Wednesday, February 10, 2010

Punya Pesawat Kepresiden Sendiri Lebih murah ?

Belum jelas nih, apakah keinginan pemerintah memiliki pesawat kepresidenan sendiri itu didasari pada gaya hidup mewah atau memang pertimbangan ekonomis ?

Sudi Silalahi mengatakan bahwa membeli pesawat kepresidenan akan menghemat pengeluaran sebesar Rp 100 Milyar. Hitungan sederhananya seperti ini: harga sewa pesawat Rp 180 Milyar pertahun jadi untuk 5 tahun butuh Rp 900 Milyar, sedangkan harga pesawat US $ 85,4 Juta atau sekitar Rp 800 Milyar. Sehingga untuk kurun waktu 5 tahun, kita bisa berhemat Rp 100 Milyar dan pesawat masih bisa dipakai oleh presiden berikutnya.

Cara menghitung Sudi sepintas kelihatannya betul tapi sesungguhnya kurang tepat. Secara mikro atau dalam jangka pendek, mungkin benar, tapi secara makro atau jangka panjang masih bisa diperdebatkan.

Pertama, jika sewa pesawat, pemerintah menyewanya dari Garuda yg adalah perusahaan milik pemerintah, membayar pajak dan dividen ke pemerintah selaku pemilik saham. Artinya tidak ada istilah rugi di sini, karena bisa diibaratkan uang yg dibayarkan untuk sewa sekedar berpindah kantung saja dari anggaran kepresidenan masuk sebagai pendapatan Garuda.

Kedua, jika membeli pesawat, sudah pasti membelinya dari perusahaan luar negeri, mungkin Boeing atau Airbus. Justru di sini uang yg dikeluarkan pemerintah mengalir ke luar negeri, bukan ke kantung milik perusahaan sendiri. Meskipun dalam jangka waktu 5 tahun, total uang yang dikeluarkan lebih sedikit tapi uang tersebut mengalir ke Boeing atau Airbus. Sedangkan bila menggunakan pola sewa, uang sewa yg dikeluarkan bisa jadi lebih besar tapi mengalir masuk ke perusahaan milik sendiri yaitu Garuda.

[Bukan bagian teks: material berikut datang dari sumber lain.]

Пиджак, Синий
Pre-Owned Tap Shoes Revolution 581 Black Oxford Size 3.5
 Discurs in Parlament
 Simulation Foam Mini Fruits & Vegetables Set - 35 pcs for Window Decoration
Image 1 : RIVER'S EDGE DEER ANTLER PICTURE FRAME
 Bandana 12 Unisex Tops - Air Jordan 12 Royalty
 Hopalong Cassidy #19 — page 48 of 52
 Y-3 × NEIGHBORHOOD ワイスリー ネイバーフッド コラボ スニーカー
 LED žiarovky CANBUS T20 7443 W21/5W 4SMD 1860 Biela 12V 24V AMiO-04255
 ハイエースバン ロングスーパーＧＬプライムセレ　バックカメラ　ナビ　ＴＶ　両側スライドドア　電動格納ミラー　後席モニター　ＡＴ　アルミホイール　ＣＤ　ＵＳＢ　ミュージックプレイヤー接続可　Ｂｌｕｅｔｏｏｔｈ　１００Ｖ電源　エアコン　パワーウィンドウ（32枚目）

Ketiga, dengan pola sewa biaya Rp 180 Milyar bertahun tentunya sudah bersifat nett/bersih. Bagaimana dengan pola membeli, selain biaya pembelian sebesar Rp 900 Milyar tentu ada biaya lain seperti biaya awak pesawat, bahan bakar, pemeliharaan, suku cadang, sewa hanggar dan sebagainya. Apakah komponen biaya ini sudah dihitung oleh Sudi ?

Keempat, seberapa tinggi intensitas presiden melakukan perjalanan dengan pesawat terbang ? seminggu sekali ?, sebulan sekali ?, hal ini tentu juga harus dipertimbangkan. Tentu harus diperhatikan juga bagaimana status pesawat pada saat tidak digunakan oleh presiden ?, apakah akan diparkir saja di hanggar ? Jika menggunakan pesawat sewa tidak akan muncul isu seperti ini, pesawat sewa adalah pesawat yg sehari-hari dioperasikan oleh Garuda, sehingga tentu bersifat produktif (ada penggunaan). Sedangkan pesawat kepresidenan jika presiden tidak ada perjalanan keluar maka pesawat hanya akan menganggur saja diparkir di hanggar.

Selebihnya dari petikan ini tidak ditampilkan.